Vito D’Ettorre, inviato di guerra. A Cosenza, il racconto degli orrori dal Bataclan ai conflitti

«Quella volta che rischiai di essere colpito da una bomba». Il giornalista confessa: «Nonostante i reportage, nulla pare cambiato»

Pubblicato il: 17/04/2024 – 6:42
di Fabio Benincasa
Vito D’Ettorre, inviato di guerra. A Cosenza, il racconto degli orrori dal Bataclan ai conflitti

COSENZA Una discesa negli inferi, tra la barbarie dei conflitti, schivando bombe e proiettili. Dalla follia omicida della strage del Bataclan alla guerra in Israele, passando per gli oltre dieci viaggi compiuti per raggiungere l’Ucraina e raccontare – sul campo e da inviato – gli orrori della guerra. Una vita da reporter che Vito D’Ettorre (inviato di guerra per Tv 2000) conosce bene. A Cosenza per presenziate al festival “Frontiere“, il giornalista racconta e si racconta riportando ai presenti fatti di guerra e tentativi falliti di pace. Una vita sacrificata non «per la gloria ma per la sete di verità, per essere presente lì dove si vive continuamente con la paura di morire». Una famiglia che a casa attende il suo ritorno, mentre Vito D’Ettorre prende l’ennesimo aereo con in mano il taccuino e la penna. La sua narrazione è lucida e lascia sgomenti quando ricorda quel collegamento a pochi in Ucraina realizzato a pochi passi da un locale, dove pochi istanti prima era impegnato a sorseggiare un caffè e pochi istanti dopo lo scoppio di una bomba ha ridotto in cenere tutto e ucciso i presenti. «Oggi non sarei qui con voi», confessa con un filo di voce strozzato dall’emozione.

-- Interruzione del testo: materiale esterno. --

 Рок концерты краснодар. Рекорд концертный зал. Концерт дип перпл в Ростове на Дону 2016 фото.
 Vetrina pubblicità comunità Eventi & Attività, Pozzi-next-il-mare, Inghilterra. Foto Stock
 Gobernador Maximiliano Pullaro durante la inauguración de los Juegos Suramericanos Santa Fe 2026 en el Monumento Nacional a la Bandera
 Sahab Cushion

In Calabria per discutere di guerre e conflitti, in una terra simbolo dell’accoglienza

«L’unica “cosa positiva” di questi due anni di guerra è l’accoglienza di milioni di profughi ucraini, soprattutto donne e bambini, in Europa. Tante diocesi italiane, tante regioni italiane sono state coinvolte in questa accoglienza bellissima e devo dire che andando in Ucraina c’è veramente un grande senso di gratitudine verso l’Italia. In molti hanno aperto le case ed accolto queste donne che, nel giro di poche ore, hanno lasciato tutto portando i figli e lasciando i mariti in guerra».

Quali sensazioni vive un inviato di guerra?

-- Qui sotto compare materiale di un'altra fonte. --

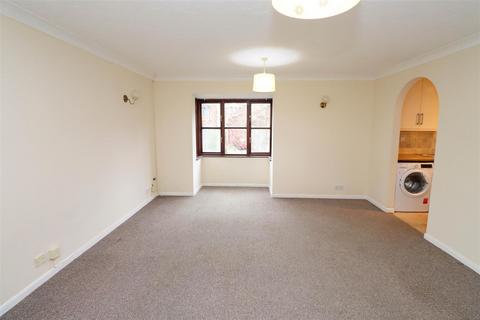 2 bedroom maisonette for sale, Annettes Croft, Fleet GU52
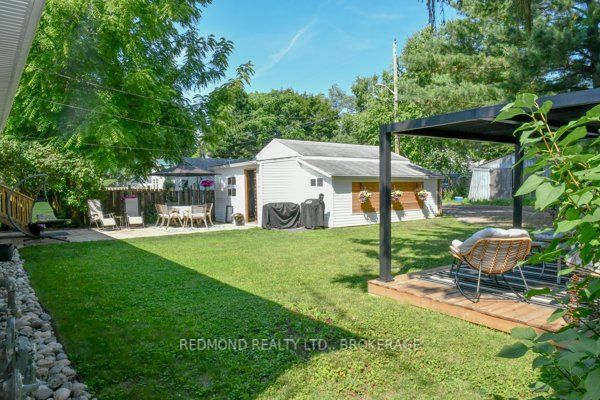 250 Wellington Street Property Photo 28
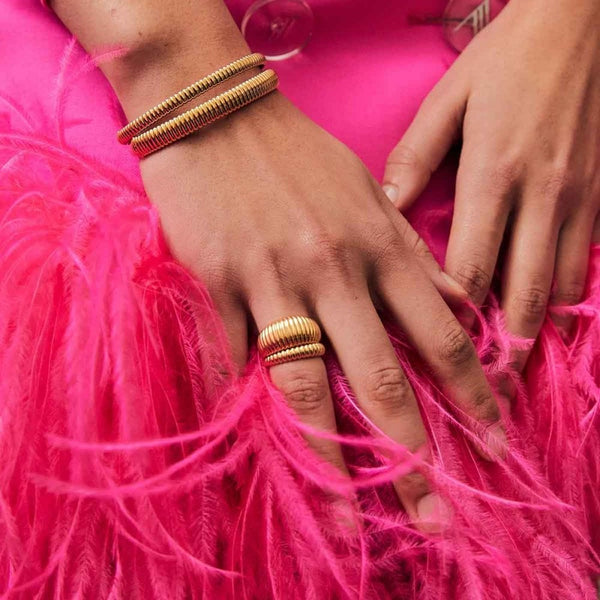 Ti Sento Ladies Iconic Ribbed Gold Plated Band Ring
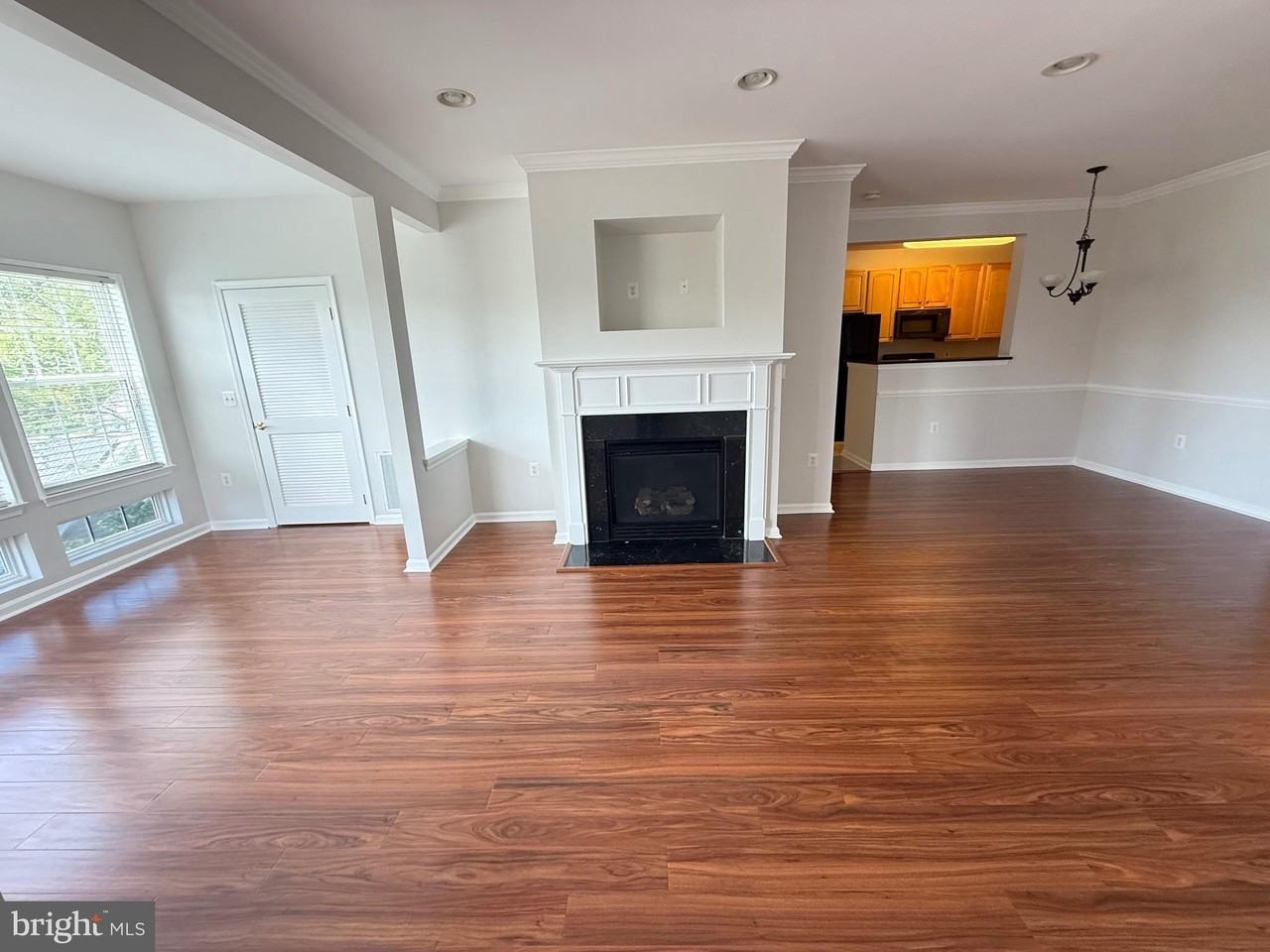 13216 Fox Bow Dr #307 - Photo 7 of 31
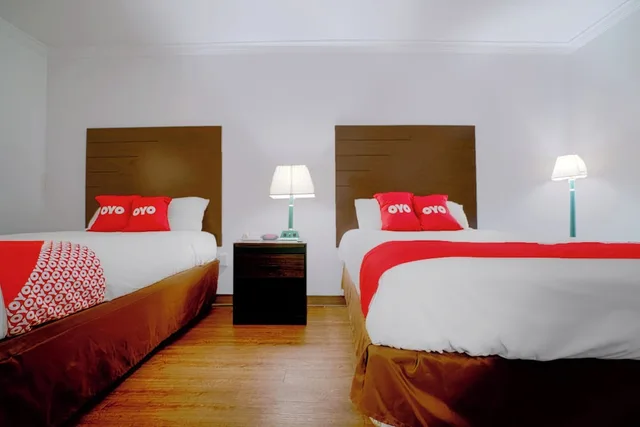 room, 2 queen beds, OYO Hotel Kingsville - Hwy 77 1/7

«Un po’ di tristezza. Dopo tanti anni passati a raccontare queste tragedie, nulla cambia, anzi tutto è rimasto come era dieci anni fa. Anzi delle “nuove” tragedie si parla anche poco, penso al naufragio di Cutro passato e dimenticato nel giro di poco tempo. C’è stata la commemorazione, giustamente, ma non ha scosso le coscienze quanto forse avrebbe dovuto. Così come tanti altri naufragi morti a Lampedusa ed ancora le tragedie viste a Lesbo con campi di accoglienza che in realtà erano dei veri e propri centri di detenzione andati in fiamme, con casi di stupro e i suicidi di bambini. Tutto è passato nel dimenticatoio».

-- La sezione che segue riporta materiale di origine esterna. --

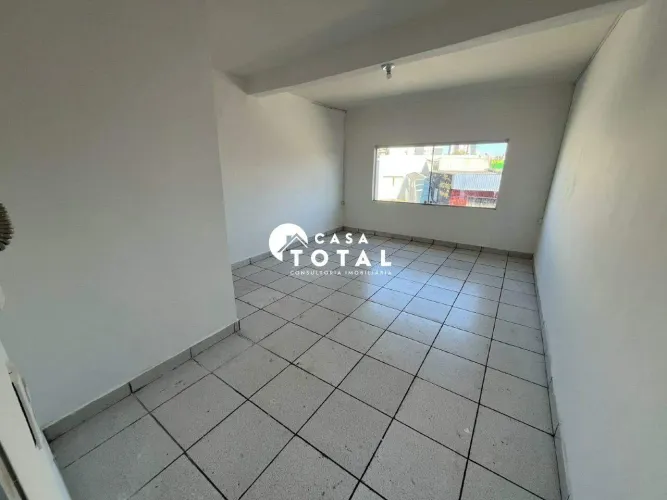 Sala Comercial com para aluguel no bairro Vila Augusto em Mauá |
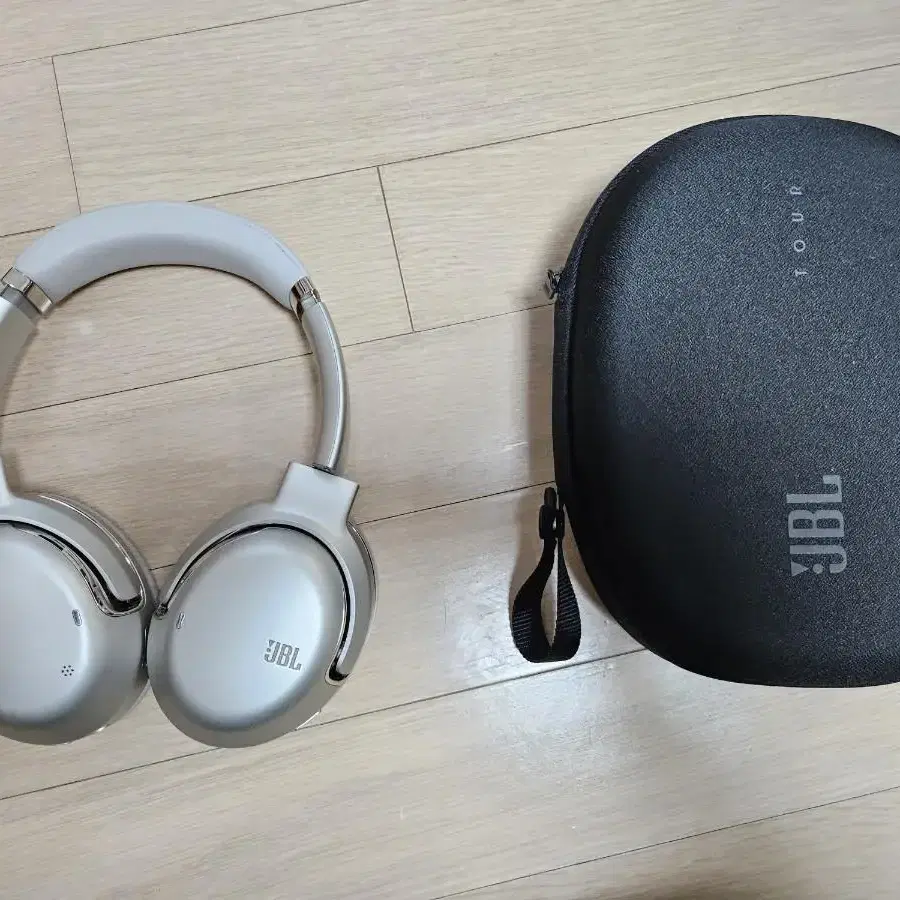 JBL TOUR ONE M2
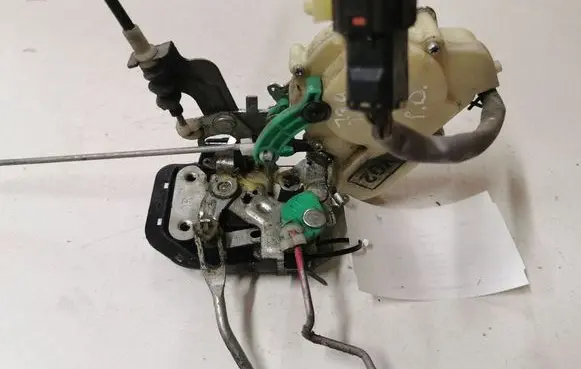 KIA Sorento Front door lock A045777 061110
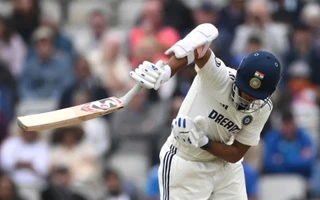 [WATCH] ENG vs IND 2025: Jaiswal's bat snaps against Woakes' nip backer in Manchester Test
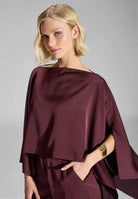 Hose aus Satin mit geradem Bein und Taschen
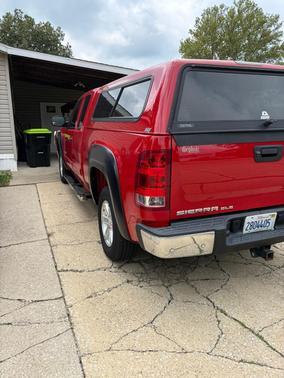 Red 2013 GMC Sierra 1500 SLE1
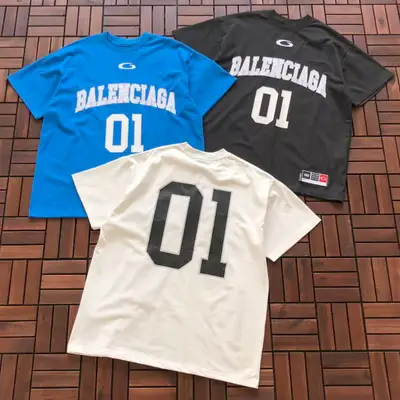 BALENCIAGA T-Shirt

In Ucraina tanti innocenti continuano a morire

«Sono trascorsi due anni e si fa fatica a vedere le immagini nei telegiornali. Però in Ucraina muoiono tutti i giorni persone che vivono e dormono in normali palazzine e che la notte vengono colpiti da droni o da bombe. Si muore così. Si passa le notti dentro ai tunnel della metropolitana, si dorme nella vasca da bagno pensando che quello sia il luogo più sicuro. Questa è la quotidianità, ma purtroppo si fa fatica a parlarne».